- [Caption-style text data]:
########
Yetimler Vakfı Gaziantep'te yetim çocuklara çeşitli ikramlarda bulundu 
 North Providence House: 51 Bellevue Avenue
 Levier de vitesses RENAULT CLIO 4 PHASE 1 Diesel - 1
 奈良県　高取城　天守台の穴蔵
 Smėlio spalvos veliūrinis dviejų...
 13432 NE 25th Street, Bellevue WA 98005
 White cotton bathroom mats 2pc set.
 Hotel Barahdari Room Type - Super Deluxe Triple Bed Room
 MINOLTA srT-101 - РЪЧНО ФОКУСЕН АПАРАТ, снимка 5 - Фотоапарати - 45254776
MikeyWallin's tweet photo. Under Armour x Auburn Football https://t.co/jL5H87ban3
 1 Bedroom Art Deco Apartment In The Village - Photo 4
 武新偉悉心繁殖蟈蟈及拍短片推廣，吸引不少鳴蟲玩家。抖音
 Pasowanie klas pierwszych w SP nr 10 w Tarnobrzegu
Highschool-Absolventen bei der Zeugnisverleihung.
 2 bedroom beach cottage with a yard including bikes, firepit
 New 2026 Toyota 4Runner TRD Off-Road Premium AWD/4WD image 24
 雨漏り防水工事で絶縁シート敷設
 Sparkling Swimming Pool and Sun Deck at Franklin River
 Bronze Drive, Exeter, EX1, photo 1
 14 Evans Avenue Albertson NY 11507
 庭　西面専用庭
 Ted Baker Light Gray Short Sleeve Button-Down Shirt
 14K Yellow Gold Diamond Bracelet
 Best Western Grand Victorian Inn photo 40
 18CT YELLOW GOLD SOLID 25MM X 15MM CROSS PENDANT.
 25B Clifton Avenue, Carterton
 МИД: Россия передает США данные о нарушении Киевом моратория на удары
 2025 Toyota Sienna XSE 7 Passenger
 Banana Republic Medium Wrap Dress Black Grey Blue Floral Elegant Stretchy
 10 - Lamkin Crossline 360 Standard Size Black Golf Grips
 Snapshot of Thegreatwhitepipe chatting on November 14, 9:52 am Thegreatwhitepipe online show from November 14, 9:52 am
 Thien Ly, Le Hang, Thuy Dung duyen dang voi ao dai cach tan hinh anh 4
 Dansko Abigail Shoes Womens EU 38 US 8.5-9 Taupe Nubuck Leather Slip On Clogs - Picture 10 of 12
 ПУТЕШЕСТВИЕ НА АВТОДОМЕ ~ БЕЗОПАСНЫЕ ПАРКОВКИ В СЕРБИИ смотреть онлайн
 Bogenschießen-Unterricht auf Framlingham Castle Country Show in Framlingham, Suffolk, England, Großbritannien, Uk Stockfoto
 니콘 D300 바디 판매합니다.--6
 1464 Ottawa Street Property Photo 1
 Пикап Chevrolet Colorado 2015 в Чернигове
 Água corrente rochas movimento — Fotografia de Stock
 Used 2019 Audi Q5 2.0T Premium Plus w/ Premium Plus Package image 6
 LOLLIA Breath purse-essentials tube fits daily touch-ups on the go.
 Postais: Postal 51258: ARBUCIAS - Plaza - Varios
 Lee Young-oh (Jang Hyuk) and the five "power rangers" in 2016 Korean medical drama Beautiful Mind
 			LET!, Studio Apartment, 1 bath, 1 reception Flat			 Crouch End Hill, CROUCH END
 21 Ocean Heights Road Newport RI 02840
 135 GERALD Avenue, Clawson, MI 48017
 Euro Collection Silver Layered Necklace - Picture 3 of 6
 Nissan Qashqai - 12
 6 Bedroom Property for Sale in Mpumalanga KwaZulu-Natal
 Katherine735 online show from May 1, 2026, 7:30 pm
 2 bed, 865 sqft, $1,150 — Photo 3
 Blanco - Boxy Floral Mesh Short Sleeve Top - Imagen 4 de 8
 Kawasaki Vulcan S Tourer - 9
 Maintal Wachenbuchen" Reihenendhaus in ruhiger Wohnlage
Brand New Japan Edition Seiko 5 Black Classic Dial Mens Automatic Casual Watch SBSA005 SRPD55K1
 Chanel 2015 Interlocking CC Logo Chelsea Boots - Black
########
- [What you will do]: All entries are to be output exactly as they stand.

- [Finished task]:
Yetimler Vakfı Gaziantep'te yetim çocuklara çeşitli ikramlarda bulundu 
 North Providence House: 51 Bellevue Avenue
 Levier de vitesses RENAULT CLIO 4 PHASE 1 Diesel - 1
 奈良県　高取城　天守台の穴蔵
 Smėlio spalvos veliūrinis dviejų...
 13432 NE 25th Street, Bellevue WA 98005
 White cotton bathroom mats 2pc set.
 Hotel Barahdari Room Type - Super Deluxe Triple Bed Room
 MINOLTA srT-101 - РЪЧНО ФОКУСЕН АПАРАТ, снимка 5 - Фотоапарати - 45254776
MikeyWallin's tweet photo. Under Armour x Auburn Football https://t.co/jL5H87ban3
 1 Bedroom Art Deco Apartment In The Village - Photo 4
 武新偉悉心繁殖蟈蟈及拍短片推廣，吸引不少鳴蟲玩家。抖音
 Pasowanie klas pierwszych w SP nr 10 w Tarnobrzegu
Highschool-Absolventen bei der Zeugnisverleihung.
 2 bedroom beach cottage with a yard including bikes, firepit
 New 2026 Toyota 4Runner TRD Off-Road Premium AWD/4WD image 24
 雨漏り防水工事で絶縁シート敷設
 Sparkling Swimming Pool and Sun Deck at Franklin River
 Bronze Drive, Exeter, EX1, photo 1
 14 Evans Avenue Albertson NY 11507
 庭　西面専用庭
 Ted Baker Light Gray Short Sleeve Button-Down Shirt
 14K Yellow Gold Diamond Bracelet
 Best Western Grand Victorian Inn photo 40
 18CT YELLOW GOLD SOLID 25MM X 15MM CROSS PENDANT.
 25B Clifton Avenue, Carterton
 МИД: Россия передает США данные о нарушении Киевом моратория на удары
 2025 Toyota Sienna XSE 7 Passenger
 Banana Republic Medium Wrap Dress Black Grey Blue Floral Elegant Stretchy
 10 - Lamkin Crossline 360 Standard Size Black Golf Grips
 Snapshot of Thegreatwhitepipe chatting on November 14, 9:52 am Thegreatwhitepipe online show from November 14, 9:52 am
 Thien Ly, Le Hang, Thuy Dung duyen dang voi ao dai cach tan hinh anh 4
 Dansko Abigail Shoes Womens EU 38 US 8.5-9 Taupe Nubuck Leather Slip On Clogs - Picture 10 of 12
 ПУТЕШЕСТВИЕ НА АВТОДОМЕ ~ БЕЗОПАСНЫЕ ПАРКОВКИ В СЕРБИИ смотреть онлайн
 Bogenschießen-Unterricht auf Framlingham Castle Country Show in Framlingham, Suffolk, England, Großbritannien, Uk Stockfoto
 니콘 D300 바디 판매합니다.--6
 1464 Ottawa Street Property Photo 1
 Пикап Chevrolet Colorado 2015 в Чернигове
 Água corrente rochas movimento — Fotografia de Stock
 Used 2019 Audi Q5 2.0T Premium Plus w/ Premium Plus Package image 6
 LOLLIA Breath purse-essentials tube fits daily touch-ups on the go.
 Postais: Postal 51258: ARBUCIAS - Plaza - Varios
 Lee Young-oh (Jang Hyuk) and the five "power rangers" in 2016 Korean medical drama Beautiful Mind
 			LET!, Studio Apartment, 1 bath, 1 reception Flat			 Crouch End Hill, CROUCH END
 21 Ocean Heights Road Newport RI 02840
 135 GERALD Avenue, Clawson, MI 48017
 Euro Collection Silver Layered Necklace - Picture 3 of 6
 Nissan Qashqai - 12
 6 Bedroom Property for Sale in Mpumalanga KwaZulu-Natal
 Katherine735 online show from May 1, 2026, 7:30 pm
 2 bed, 865 sqft, $1,150 — Photo 3
 Blanco - Boxy Floral Mesh Short Sleeve Top - Imagen 4 de 8
 Kawasaki Vulcan S Tourer - 9
 Maintal Wachenbuchen" Reihenendhaus in ruhiger Wohnlage
Brand New Japan Edition Seiko 5 Black Classic Dial Mens Automatic Casual Watch SBSA005 SRPD55K1
 Chanel 2015 Interlocking CC Logo Chelsea Boots - Black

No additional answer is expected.